The dedicated and matrixed switch inputs on the P-ROC use a voltage reference that comes from the power cable you use to power the P-ROC. In a WPC machine, the power cable provides 12V to the switch logic, and the comparator reference is 6V. In a Stern machine, the power cable provides 5V to the switch logic, and the comparator reference is 2.5V. When using the 4-pin ATX power supply style power connector, it works like a WPC machine with 12V on the switch logic and a comparator reference of 6V.
Connecting Dedicated Switches
All of the dedicated switch inputs on the P-ROC have pull-up resistors to the switch power rail (12V or 5V as mentioned above). Therefore, when a switch input is unused, the P-ROC will pull the line up to the switch power rail.
When wiring dedicated mechanical switches on your machine, make sure to wire them between the desired switch input and ground. When the switch is open, the corresponding pull-up resistor on the P-ROC will pull the line high. When the switch is closed, a connection to ground is made, and the P-ROC will see the line go low and detect the closing switch event. When the switch is opened again, the P-ROC will see the line go high and detect the opening switch event.
Dedicated opto switches consist of an IR transmitter and a IR phototransistor (receiver). The transmitter gets connected directly to power through a current limiting resistor (resistor value depends on the power level and the specific type of IR transmitter you use) so that it always transmits. The phototransistor works similarly to a mechanical switch except reversed. The circuit is pulled high on the P-ROC when not enough light is detected by the phototransistor (ie. when a ball is blocking the light) and driven low when the light is not blocked.
Connecting Matrixed Switches
The P-ROC supports switch matrixes up to 8x16. When in use, the matrix functionality automatically scans the matrix, capturing switch events on each switch in the matrix as they occur.
The topology of the matrix is 8 outputs (columns) and 16 inputs (rows). Refer to the P-ROC Board Specifications for a detailed listing of the connectors to use when wiring up your matrix. To use the full 8x16 matrix, you'll need to use the 0.156" pitch connectors. If you only need an 8x8 matrix, you can use either the 0.100" or 0.156" pitch connectors.
When the P-ROC is scanning the matrix, it will drive each matrix output low, one at a time, while capturing the states on each of the inputs. By iterating through each output, it can capture the states of each and every switch on the matrix in a very short amount of time, configurable down to 1 millisecond.
All switches on your matrix need to have a 1N4004 or equivalent diode in series with the switch. It doesn't matter which side of the switch the diode is on. Just make sure to orient the diode so the bar end points towards the P-ROC matrix output.
Unlike mechanical switches, which can be used on a matrix input in the same fashion as a dedicated input (with the addition of a diode), opto switches require some more circuitry.
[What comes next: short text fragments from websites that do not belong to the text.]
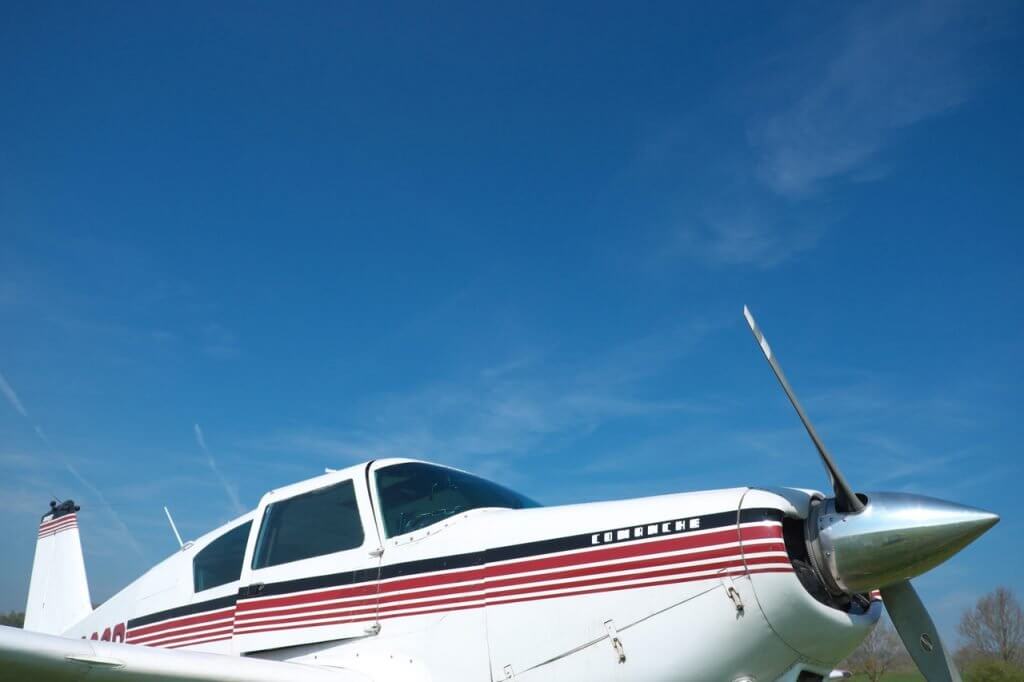 Piper Comanche Insurance Cost BWI Aviation Insurance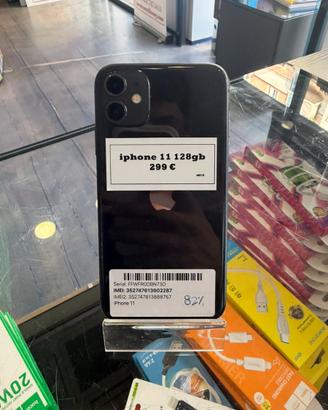IPHONE 11 128GB PROMO LAMPO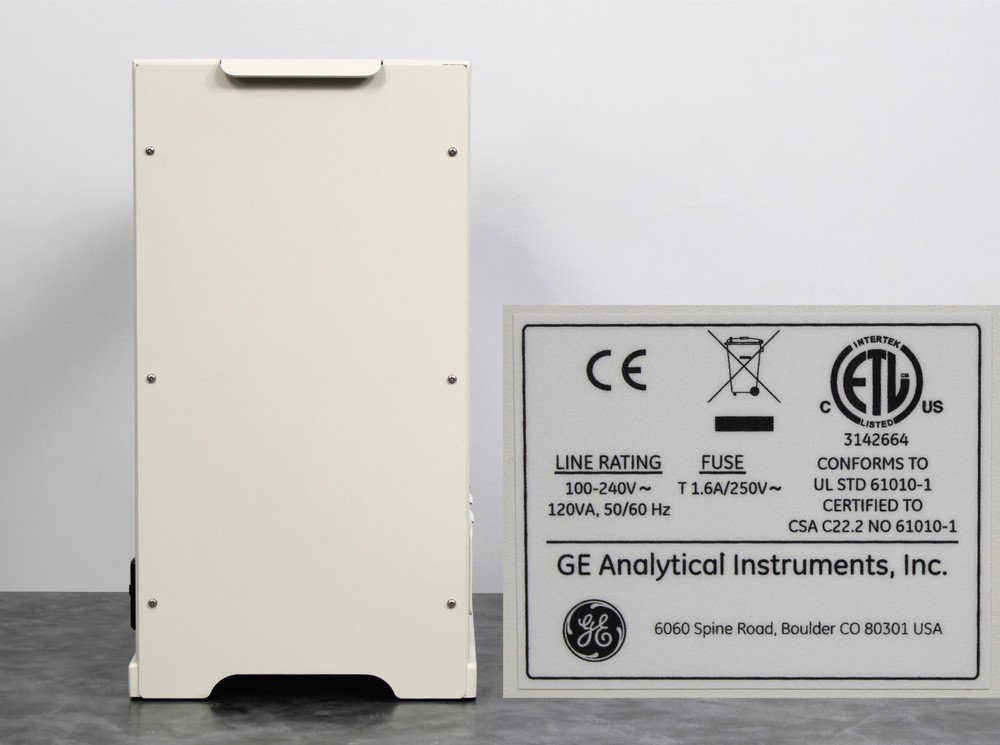 GE Analytical Instruments Autosampler for Sievers 900 TOC Analyzer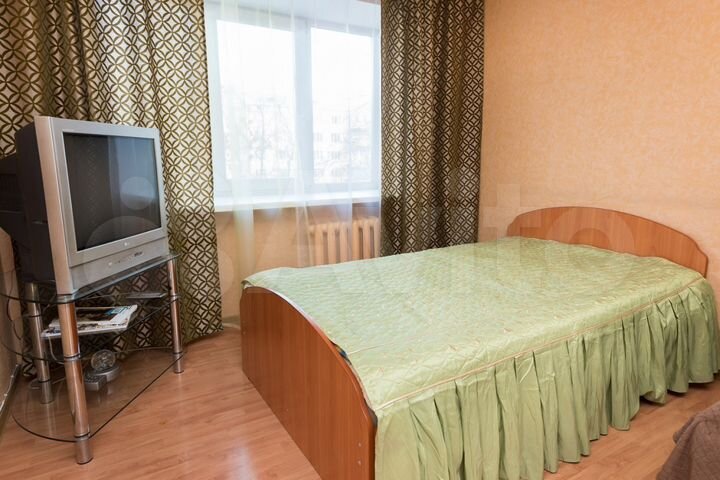 1-к. квартира, 36 м², 3/5 эт.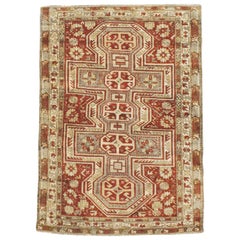 Antique Persian Kurdish Rug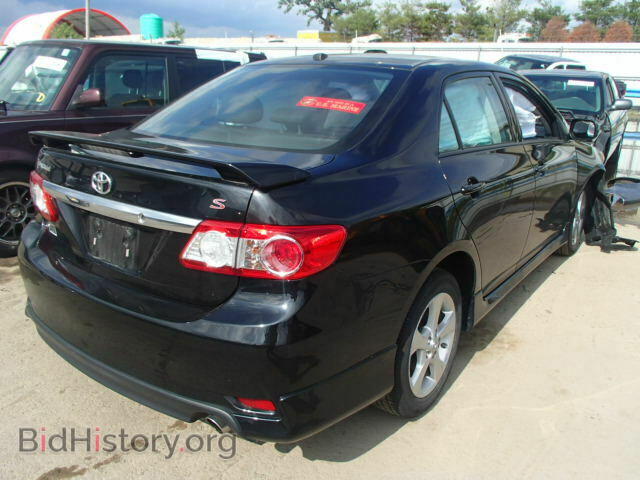 2011 TOYOTA COROLLA - VIN: 2T1BU4EEXBC621280 - Фото 4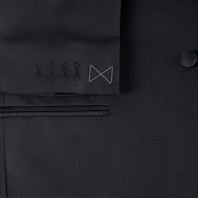 Single-breasted tuxedo jacket “SW1” Alternative Image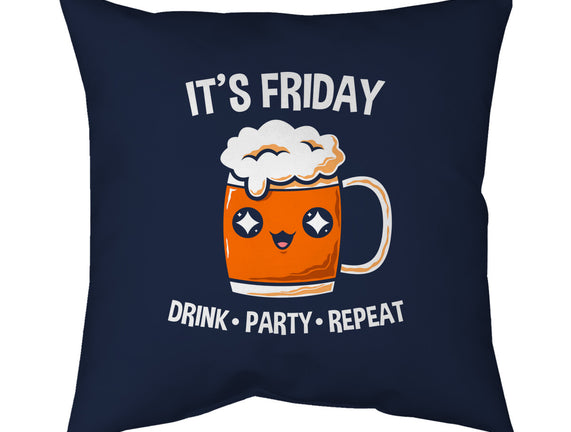 It's Friday
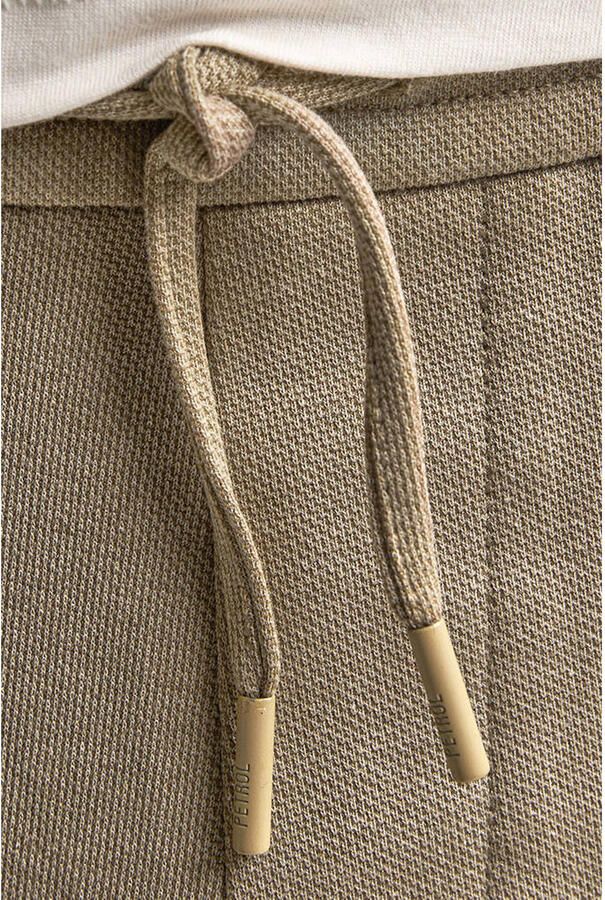 Petrol Industries regular sweatshort beige - Foto 2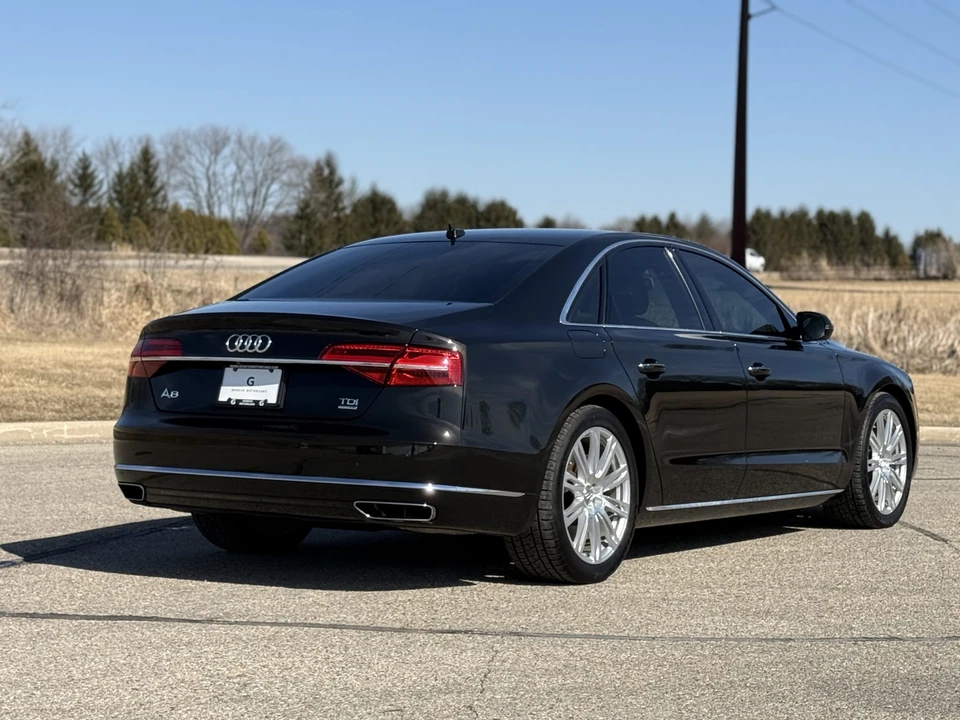 2016 Audi D4 A8 - Image 18 of 31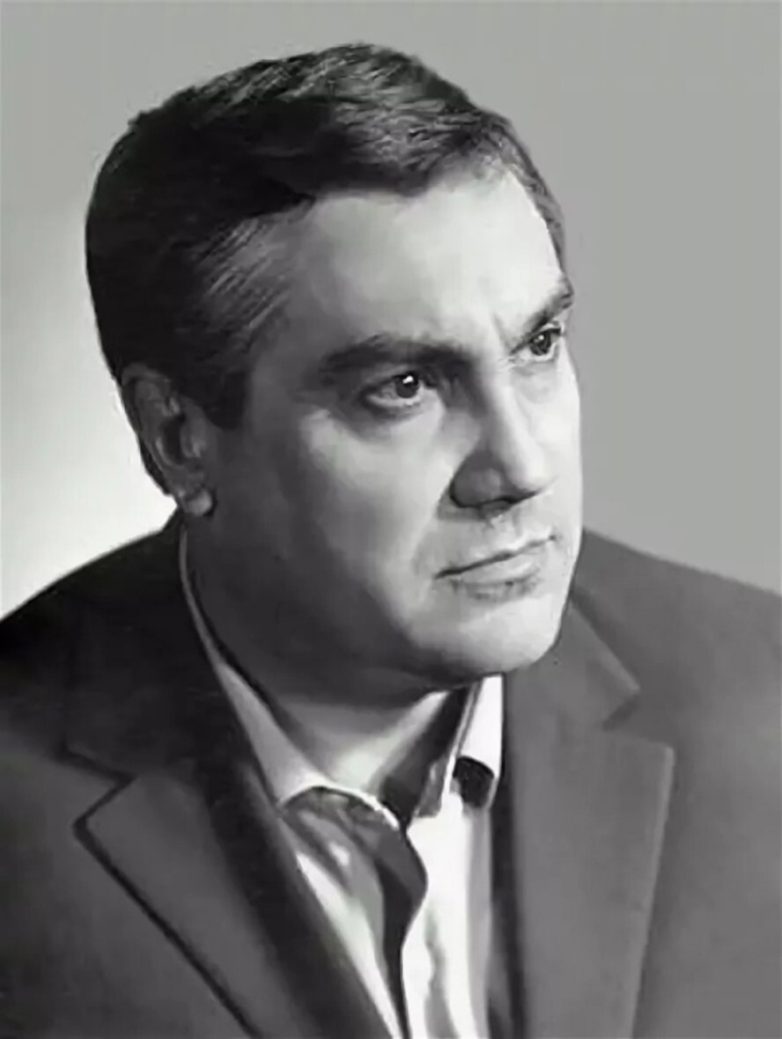 Архивные кадры: легенды советского кино и театра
There are a few reasons for this, but the primary reason is that opto circuits are constantly active. In other words, the IR transmitter is constantly sending light, and the phototransistor is constantly trying to detect light. This means the output of the phototransistor is always active. Therefore, if it shares a P-ROC matrix input with other switches, it will corrupt the detected states of the other switches.
This issue is resolved, as shown in the diagram below, by adding a comparator circuit that compares the output of a phototransistor to a P-ROC matrix output reference. The P-ROC matrix output reference needs to be generated by even more circuitry (not shown) so that the phototransistors output is only relevant when the P-ROC matrix output is active. In other words, when the P-ROC matrix output is active (driven low), the phototransistor's output determines whether the P-ROC matrix input is driven low or pulled high. When the P-ROC matrix output is inactive, the phototransistor's output will result in the P-ROC matrix input being pulled high, regardless of the amount of light detected.
The P-ROC matrix output reference is commonly created with another comparator circuit that compares the P-ROC matrix output to a fixed voltage that's typically some percentage of the switch power.
Instead of wiring all of these comparator circuits for each and every opto you want to use on the switch matrix, it would be much simpler to use an existing opto board. A common opto board used in many existing pinball machines for the exact same purpose is:
A-15576 : 7-Opto Switch Board
This board is available from many pinball component suppliers and contains everything you should need except the IR transmitters and phototransistors, which incidentally are also available from most suppliers on PCBs and as standalone components (transmitters, receivers).